Restart nginx and restart Kibana:

sudo service nginx restart
sudo service kibana restart

Verifying Authentication

Both Elasticsearch and Kibana are now gated with basic authentication. We can verify this using some cURL commands.

For Elasticsearch, use:

curl --verbose http://kibanauser:1234@127.0.0.1:8881

You should see the following output:

* Rebuilt URL to: http://kibanauser:1234@127.0.0.1:8881/
*   Trying 127.0.0.1...
* Connected to 127.0.0.1 (127.0.0.1) port 8881 (#0)
* Server auth using Basic with user 'kibanauser'
> GET / HTTP/1.1
> Host: 127.0.0.1:8881
> Authorization: Basic a2liYW5hdXNlcjoxMjM0
> User-Agent: curl/7.47.0
> Accept: */*
>
< HTTP/1.1 200 OK
< Server: nginx/1.10.3 (Ubuntu)
< Date: Sun, 10 Feb 2019 11:14:13 GMT
< Content-Type: application/json; charset=UTF-8
< Content-Length: 493
< Connection: keep-alive
<
{
  "name" : "9qenDRz",
  "cluster_name" : "elasticsearch",
  "cluster_uuid" : "rbfDdSWaRmyrh9kOSVNwyg",
  "version" : {
    "number" : "6.6.0",
    "build_flavor" : "default",
    "build_type" : "deb",
    "build_hash" : "a9861f4",
    "build_date" : "2019-01-24T11:27:09.439740Z",
    "build_snapshot" : false,
    "lucene_version" : "7.6.0",
    "minimum_wire_compatibility_version" : "5.6.0",
    "minimum_index_compatibility_version" : "5.0.0"
  },
  "tagline" : "You Know, for Search"
}
* Connection #0 to host 127.0.0.1 left intact

For Kibana:

curl --verbose http://kibanauser:1234@127.0.0.1:8882

And the output:

* Rebuilt URL to: http://kibanauser:1234@127.0.0.1:8882/
*   Trying 127.0.0.1...
* Connected to 127.0.0.1 (127.0.0.1) port 8882 (#0)
* Server auth using Basic with user 'kibanauser'
> GET / HTTP/1.1
> Host: 127.0.0.1:8882
> Authorization: Basic a2liYW5hdXNlcjoxMjM0
> User-Agent: curl/7.47.0
> Accept: */*
>
< HTTP/1.1 302 Found
< Server: nginx/1.10.3 (Ubuntu)
< Date: Sun, 10 Feb 2019 11:15:43 GMT
< Content-Type: text/html; charset=utf-8
< Content-Length: 0
< Connection: keep-alive
< location: /app/kibana
< kbn-name: kibana
< kbn-xpack-sig: 4081d734fcd0e7d12f32aeb71f111a2d
< cache-control: no-cache
<
* Connection #0 to host 127.0.0.1 left intact

Opening up our browser at http://localhost:8882 displays an authentication dialog (since I’m using an EC2 instance, the URL specifies the public IP):

Enter the user and password you configured, and Kibana is displayed.

Endnotes

Like many open-source projects, the ELK Stack lacks some key ingredients to make it production-ready.

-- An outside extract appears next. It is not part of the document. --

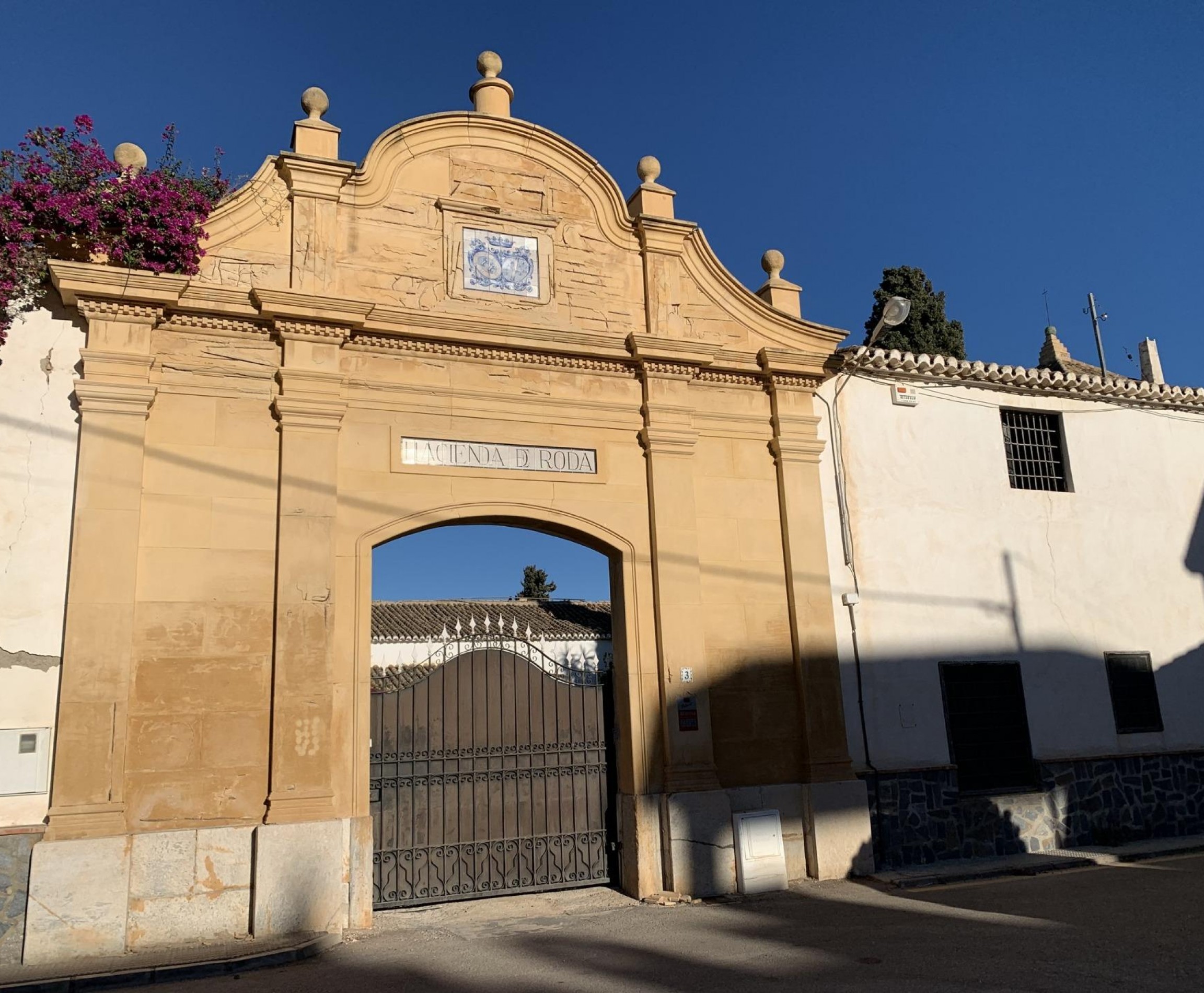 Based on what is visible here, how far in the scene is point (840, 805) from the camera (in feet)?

Security is one of them. While using nginx as a reverse proxy helps us close some of the security gaps, it will not help us protect our stack from specific attack vectors and Elasticsearch-specific vulnerabilities.

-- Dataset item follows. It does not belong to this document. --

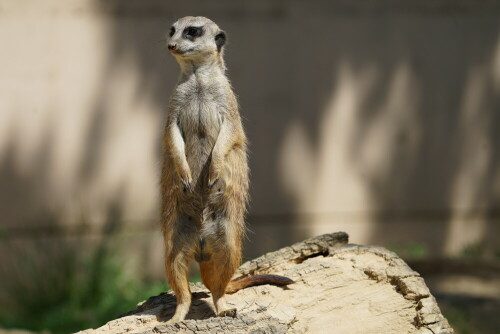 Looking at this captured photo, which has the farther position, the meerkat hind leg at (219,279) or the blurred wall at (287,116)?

That’s where using a completely managed service like Logz.io can help, providing users with a bullet-proof platform that includes role-based access, user control, SSO, and is fully compliant with the strictest regulatory requirements.

Of course, the nginx configuration described here was just a simple example. More advanced configurations will allow you to encrypt traffic with SSL, and we will explore adding SSL into the mix in a future article.